Canstar Resources Inc. Announces Closing of Non-Brokered Private Placement

Canstar Resources Inc. Announces Closing of Non-Brokered Private Placement

Toronto, Ontario - December 23, 2015. Canstar Resources Inc. (Canstar; TSX.V: ROX) is pleased to announce the closing of the non-brokered private placement financing previously announced on December 9, 2015. In total, the Company has sold 5,533,333 flow-through units at $0.06 per unit for gross proceeds of $332,000. Each unit consists of one common share and one common share purchase warrant. The Corporation may determine to complete another tranche of the private placement on or before December 31, 2015, and, if so, a further announcement will be made.

Each Unit consisted of one flow-through common share and one common share purchase warrant. Each warrant entitles the holder to purchase one common share of the Corporation for a period of 24 months after closing at a price of $0.10 in the first year after closing, and $0.175 in the second year after closing if the holder so elects. When the closing price on the TSXV of the shares equals or exceeds Cdn. $0.175 per share in the first year after closing, or Cdn. $0.25 per share in the second year after closing, for a period of 20 consecutive trading days, the Corporation has the right to accelerate the expiry date of the Warrants. To exercise this right, within 30 days of the occurrence of an acceleration event, the Corporation must give written notice to the holder by ordinary prepaid mail, in which case the expiry date of the Warrants is accelerated to the date that is thirty (30) calendar days from the date of mailing at 4:00 pm Toronto time.

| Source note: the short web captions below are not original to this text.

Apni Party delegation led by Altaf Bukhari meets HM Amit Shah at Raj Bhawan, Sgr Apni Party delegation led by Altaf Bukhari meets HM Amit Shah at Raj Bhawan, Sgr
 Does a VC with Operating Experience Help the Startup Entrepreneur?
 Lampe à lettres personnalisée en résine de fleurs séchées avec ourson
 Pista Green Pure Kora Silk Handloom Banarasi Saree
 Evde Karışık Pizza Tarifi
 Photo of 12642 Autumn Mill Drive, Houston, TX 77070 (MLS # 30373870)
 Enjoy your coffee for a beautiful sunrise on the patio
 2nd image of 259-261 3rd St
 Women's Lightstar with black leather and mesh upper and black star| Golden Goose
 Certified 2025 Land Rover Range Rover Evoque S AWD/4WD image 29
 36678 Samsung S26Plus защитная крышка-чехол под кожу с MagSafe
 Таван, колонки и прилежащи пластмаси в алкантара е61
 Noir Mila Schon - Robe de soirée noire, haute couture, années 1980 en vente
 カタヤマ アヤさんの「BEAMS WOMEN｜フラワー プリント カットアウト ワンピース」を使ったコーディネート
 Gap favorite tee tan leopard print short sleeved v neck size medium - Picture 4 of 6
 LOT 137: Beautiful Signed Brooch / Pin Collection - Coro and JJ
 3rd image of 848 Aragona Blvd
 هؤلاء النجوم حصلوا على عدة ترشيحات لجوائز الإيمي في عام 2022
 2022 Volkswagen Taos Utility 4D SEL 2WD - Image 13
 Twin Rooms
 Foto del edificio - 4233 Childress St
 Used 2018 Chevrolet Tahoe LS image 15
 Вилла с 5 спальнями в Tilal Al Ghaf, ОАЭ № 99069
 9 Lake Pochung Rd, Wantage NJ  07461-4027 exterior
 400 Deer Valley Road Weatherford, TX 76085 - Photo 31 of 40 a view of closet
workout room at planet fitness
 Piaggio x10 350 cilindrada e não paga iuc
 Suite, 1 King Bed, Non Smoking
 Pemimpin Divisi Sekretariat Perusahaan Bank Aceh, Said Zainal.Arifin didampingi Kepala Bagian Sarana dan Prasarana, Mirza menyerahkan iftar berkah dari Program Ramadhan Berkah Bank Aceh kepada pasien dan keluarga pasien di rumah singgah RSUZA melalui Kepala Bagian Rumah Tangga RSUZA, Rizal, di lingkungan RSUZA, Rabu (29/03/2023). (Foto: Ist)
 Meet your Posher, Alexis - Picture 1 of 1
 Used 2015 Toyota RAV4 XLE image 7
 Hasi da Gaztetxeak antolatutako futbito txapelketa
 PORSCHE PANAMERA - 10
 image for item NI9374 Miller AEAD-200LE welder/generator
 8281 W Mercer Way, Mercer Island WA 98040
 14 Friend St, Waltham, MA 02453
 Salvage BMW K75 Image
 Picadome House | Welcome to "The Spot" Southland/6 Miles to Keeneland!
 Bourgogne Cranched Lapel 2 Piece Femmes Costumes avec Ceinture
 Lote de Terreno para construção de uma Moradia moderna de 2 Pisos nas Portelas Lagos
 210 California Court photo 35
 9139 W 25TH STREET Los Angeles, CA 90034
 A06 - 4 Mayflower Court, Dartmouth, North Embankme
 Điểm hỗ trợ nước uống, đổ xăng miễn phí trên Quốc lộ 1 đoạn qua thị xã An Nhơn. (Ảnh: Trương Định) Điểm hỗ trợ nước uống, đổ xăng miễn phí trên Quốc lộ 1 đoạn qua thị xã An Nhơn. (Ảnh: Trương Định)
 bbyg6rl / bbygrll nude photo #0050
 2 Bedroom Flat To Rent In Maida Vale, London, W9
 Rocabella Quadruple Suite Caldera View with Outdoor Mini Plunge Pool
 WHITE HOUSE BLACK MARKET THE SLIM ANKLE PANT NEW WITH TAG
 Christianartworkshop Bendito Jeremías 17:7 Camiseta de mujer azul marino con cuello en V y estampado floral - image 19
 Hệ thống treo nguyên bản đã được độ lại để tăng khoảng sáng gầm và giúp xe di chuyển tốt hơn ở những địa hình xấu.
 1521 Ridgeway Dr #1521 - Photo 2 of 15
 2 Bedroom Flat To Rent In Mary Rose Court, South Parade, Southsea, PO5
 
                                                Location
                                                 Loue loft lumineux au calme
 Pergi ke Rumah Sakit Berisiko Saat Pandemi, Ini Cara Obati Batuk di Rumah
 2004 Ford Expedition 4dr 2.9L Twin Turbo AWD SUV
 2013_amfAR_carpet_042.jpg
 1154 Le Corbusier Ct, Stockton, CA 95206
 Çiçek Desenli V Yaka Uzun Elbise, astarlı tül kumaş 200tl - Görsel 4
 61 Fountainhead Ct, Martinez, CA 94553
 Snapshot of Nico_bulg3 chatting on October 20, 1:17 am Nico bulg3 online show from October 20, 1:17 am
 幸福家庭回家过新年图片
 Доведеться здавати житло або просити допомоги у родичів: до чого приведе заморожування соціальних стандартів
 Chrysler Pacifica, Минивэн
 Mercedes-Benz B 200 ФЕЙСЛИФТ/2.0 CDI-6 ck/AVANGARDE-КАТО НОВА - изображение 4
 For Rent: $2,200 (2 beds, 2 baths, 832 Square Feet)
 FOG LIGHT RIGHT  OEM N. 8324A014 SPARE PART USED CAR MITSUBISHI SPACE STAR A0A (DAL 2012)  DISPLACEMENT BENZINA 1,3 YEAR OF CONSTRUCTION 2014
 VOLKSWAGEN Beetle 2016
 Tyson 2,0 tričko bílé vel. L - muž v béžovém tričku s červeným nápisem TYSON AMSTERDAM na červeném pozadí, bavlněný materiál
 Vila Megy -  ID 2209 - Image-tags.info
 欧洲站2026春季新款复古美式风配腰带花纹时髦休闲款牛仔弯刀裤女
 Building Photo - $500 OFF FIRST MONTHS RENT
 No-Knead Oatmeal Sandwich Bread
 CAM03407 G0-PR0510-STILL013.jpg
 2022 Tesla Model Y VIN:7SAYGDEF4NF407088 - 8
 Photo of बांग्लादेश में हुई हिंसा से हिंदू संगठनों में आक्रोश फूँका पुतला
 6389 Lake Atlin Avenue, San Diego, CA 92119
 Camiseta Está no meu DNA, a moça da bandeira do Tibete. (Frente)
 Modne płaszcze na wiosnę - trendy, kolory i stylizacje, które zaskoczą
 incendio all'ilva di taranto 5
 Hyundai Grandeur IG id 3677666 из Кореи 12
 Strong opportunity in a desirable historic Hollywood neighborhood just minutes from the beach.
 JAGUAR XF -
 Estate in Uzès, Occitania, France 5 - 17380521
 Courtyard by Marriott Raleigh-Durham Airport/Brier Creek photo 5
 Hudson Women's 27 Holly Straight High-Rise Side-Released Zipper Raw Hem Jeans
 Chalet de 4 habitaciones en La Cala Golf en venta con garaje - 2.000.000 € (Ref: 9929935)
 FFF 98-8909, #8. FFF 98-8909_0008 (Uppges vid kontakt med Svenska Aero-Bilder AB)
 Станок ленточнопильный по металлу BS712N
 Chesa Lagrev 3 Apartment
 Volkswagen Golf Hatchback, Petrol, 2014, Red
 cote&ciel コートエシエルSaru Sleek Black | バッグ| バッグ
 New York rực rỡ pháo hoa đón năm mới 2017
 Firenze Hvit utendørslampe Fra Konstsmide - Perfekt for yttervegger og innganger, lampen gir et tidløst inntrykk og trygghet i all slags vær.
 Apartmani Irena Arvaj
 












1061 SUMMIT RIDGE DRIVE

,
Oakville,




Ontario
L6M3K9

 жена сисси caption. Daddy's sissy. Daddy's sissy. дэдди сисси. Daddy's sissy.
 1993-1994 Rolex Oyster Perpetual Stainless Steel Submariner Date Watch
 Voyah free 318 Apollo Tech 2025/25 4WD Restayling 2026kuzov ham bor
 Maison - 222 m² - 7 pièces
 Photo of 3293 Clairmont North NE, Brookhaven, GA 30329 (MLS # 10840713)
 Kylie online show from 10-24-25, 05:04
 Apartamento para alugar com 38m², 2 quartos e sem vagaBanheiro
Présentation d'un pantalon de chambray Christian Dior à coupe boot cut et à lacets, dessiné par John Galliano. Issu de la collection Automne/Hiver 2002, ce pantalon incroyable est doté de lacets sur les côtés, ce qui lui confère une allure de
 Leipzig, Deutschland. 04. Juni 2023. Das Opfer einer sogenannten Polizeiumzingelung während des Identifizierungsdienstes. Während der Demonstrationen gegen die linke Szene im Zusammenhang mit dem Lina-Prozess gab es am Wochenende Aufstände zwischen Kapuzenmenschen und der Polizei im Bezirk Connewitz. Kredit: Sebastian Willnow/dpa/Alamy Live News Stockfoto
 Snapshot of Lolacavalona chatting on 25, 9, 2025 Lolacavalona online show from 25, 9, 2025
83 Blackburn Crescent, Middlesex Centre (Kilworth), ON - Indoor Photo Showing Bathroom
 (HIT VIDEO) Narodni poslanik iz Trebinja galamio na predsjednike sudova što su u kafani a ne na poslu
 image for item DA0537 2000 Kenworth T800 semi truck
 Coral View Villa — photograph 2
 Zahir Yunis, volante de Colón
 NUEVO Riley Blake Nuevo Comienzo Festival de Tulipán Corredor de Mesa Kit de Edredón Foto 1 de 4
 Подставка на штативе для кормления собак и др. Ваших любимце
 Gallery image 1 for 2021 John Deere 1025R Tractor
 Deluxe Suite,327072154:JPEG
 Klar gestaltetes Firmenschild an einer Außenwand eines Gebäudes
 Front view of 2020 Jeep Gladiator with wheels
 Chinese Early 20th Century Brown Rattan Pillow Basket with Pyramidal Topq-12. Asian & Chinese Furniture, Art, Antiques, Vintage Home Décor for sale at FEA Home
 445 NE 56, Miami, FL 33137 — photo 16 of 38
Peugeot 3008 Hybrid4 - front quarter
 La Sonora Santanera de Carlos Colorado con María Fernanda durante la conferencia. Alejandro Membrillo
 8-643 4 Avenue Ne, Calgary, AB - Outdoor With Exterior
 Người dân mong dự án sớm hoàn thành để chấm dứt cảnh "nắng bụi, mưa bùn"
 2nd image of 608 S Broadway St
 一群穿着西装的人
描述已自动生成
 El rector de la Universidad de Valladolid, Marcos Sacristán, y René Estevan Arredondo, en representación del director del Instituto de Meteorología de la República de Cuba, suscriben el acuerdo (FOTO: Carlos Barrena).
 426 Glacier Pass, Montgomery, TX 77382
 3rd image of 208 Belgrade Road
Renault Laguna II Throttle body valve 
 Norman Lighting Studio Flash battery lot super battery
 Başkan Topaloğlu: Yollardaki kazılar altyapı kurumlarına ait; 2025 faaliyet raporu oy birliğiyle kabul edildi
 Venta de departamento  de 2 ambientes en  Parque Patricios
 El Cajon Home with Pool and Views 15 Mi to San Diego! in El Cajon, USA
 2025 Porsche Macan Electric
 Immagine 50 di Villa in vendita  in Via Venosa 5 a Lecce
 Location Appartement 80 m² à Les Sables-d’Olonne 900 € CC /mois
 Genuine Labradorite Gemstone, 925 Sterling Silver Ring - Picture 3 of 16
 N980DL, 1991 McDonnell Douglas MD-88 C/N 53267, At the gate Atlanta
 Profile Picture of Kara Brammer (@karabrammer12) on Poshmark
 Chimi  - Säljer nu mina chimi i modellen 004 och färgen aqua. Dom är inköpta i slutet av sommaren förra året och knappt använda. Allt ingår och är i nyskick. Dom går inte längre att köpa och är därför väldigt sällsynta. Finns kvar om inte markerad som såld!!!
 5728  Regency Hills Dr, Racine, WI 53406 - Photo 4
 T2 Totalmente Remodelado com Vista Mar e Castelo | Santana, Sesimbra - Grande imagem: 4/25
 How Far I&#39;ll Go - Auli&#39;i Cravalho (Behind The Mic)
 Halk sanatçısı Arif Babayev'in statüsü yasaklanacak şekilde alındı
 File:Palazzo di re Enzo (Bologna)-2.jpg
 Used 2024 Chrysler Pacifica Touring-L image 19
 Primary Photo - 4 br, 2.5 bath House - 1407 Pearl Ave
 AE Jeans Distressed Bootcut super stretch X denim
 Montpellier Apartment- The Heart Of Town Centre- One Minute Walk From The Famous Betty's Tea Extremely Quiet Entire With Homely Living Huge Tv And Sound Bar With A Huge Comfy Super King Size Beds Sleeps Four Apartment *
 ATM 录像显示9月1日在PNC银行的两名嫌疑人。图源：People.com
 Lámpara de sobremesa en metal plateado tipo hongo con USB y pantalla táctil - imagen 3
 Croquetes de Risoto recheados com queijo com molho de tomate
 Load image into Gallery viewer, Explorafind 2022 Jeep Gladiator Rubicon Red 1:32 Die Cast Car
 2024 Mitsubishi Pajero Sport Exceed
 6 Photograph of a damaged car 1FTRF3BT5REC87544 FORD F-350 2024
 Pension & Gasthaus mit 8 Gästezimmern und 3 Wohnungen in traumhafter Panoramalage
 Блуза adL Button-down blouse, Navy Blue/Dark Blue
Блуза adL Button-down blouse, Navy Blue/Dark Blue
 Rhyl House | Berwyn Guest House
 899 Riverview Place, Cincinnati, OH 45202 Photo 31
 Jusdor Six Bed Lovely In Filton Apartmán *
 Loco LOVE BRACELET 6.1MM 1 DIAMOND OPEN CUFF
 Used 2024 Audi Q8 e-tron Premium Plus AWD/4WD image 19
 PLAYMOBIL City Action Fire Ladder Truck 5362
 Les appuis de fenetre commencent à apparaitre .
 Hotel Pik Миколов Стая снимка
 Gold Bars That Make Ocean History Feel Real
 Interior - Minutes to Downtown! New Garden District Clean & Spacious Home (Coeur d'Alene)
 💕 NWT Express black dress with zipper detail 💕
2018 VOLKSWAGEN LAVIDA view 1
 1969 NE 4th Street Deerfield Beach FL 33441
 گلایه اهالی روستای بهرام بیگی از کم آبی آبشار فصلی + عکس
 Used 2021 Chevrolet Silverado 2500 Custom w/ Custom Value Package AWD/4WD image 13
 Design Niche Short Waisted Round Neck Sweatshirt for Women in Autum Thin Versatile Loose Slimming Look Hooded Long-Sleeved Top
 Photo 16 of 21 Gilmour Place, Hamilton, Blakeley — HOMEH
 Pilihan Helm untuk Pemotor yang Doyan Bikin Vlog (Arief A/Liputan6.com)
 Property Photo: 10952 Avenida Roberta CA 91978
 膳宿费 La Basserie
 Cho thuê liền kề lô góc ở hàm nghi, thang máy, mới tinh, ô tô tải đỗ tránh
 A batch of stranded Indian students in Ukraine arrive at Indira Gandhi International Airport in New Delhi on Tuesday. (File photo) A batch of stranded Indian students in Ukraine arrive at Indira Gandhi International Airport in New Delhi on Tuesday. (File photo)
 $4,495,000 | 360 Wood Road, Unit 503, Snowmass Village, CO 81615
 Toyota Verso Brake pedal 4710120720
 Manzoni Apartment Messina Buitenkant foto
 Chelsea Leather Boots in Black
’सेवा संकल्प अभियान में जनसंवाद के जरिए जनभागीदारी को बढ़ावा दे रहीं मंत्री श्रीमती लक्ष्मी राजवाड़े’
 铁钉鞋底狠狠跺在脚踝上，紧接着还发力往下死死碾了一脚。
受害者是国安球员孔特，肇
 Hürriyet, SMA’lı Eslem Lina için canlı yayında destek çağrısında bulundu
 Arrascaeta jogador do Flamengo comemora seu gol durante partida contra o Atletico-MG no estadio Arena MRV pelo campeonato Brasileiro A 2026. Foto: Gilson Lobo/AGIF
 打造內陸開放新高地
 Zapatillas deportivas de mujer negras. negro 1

All securities issued with respect to the private placement are subject to a hold period which expires four months after closing. No fees were paid in connection with the private placement.

The proceeds of the private placement will be used for exploration on the Company’s 100%-owned Kenora Gold Project (Ontario) and will follow up on recent encouraging results that indicate the potential for an extensive gold system within the property (see News Release dated December 3, 2015). Further exploration on the Mary March and Nancy April Projects in Newfoundland is under review given current low level of base metal prices.

Management of Canstar has acquired 1,083,333 Units in the offering for gross proceeds of $65,000. The participation in the private placement by management who are “related parties” of the Company constitutes a “related party transaction” as such terms are defined by Multilateral Instrument 61-101- Protection of Minority Security Holders in Special Transactions (“MI 61-101”). In accordance with MI 61-101, in the absence of exemptions, the Company is required to obtain a formal valuation for, and minority shareholder approval of, the “related party transaction”. The Company is relying on the exemptions from the formal valuation and minority approval requirements of MI 61-101 pursuant to which a formal valuation and minority approval are not required in the event that at the time the transaction is agreed to, neither the fair market value of the subject matter of, nor the fair market value of the consideration for, the transaction, insofar as it involves interested parties, exceeds 25 per cent of the Company’s market capitalization. The participation by each of the related parties in the private placement was approved directors of the Company who are independent of that related party.

On behalf of the Board of Directors,

Danniel J. Oosterman, P.Geo
President & CEO

Danniel J. Oosterman, P. Geo.
President & CEO

Karen Willoughby
Director Corporate Communications
T: 1-866-936-6766

Forward-Looking Statements

Neither TSX Venture Exchange nor its Regulation Services Provider (as that term is defined in the policies of the TSX Venture Exchange) accepts responsibility for the adequacy or accuracy of this News Release. This News Release includes certain “forward-looking statements”. These statements are based on information currently available to Canstar, and Canstar provides no assurance that actual results will meet management’s expectations. Forward-looking statements include estimates and statements that describe Canstar’s future plans, objectives or goals, including words to the effect that Canstar or management expects a stated condition or result to occur. Forward-looking statements may be identified by such terms as “believes”, “anticipates”, “expects”, “estimates”, “may”, “could”, “would”, “will”, or “plan”. Forward-looking statements are based on Canstar’s assumptions regarding, among other things, results of exploration, project development, reclamation and capital costs of Canstar’s mineral properties, capital markets activities, and Canstar’s financial condition and prospects. As these statements address future events and conditions, by their very nature they involve inherent risks and uncertainties, and so Canstar’s actual results could differ materially from those currently anticipated in such statements for many reasons such as: changes in general economic conditions and conditions in the financial markets; changes in demand and prices for minerals; litigation, legislative, environmental and other judicial, regulatory, political and competitive developments; technological and operational difficulties encountered in connection with Canstar’s activities; and other matters discussed in this News Release. This list is not exhaustive of the factors that may affect any of Canstar’s forward-looking statements. These and other factors should be considered carefully and readers should not place undue reliance on Canstar’s forward-looking statements. Canstar does not undertake to update any forward-looking statement that may be made from time to time by it or on its behalf, except in accordance with applicable securities laws.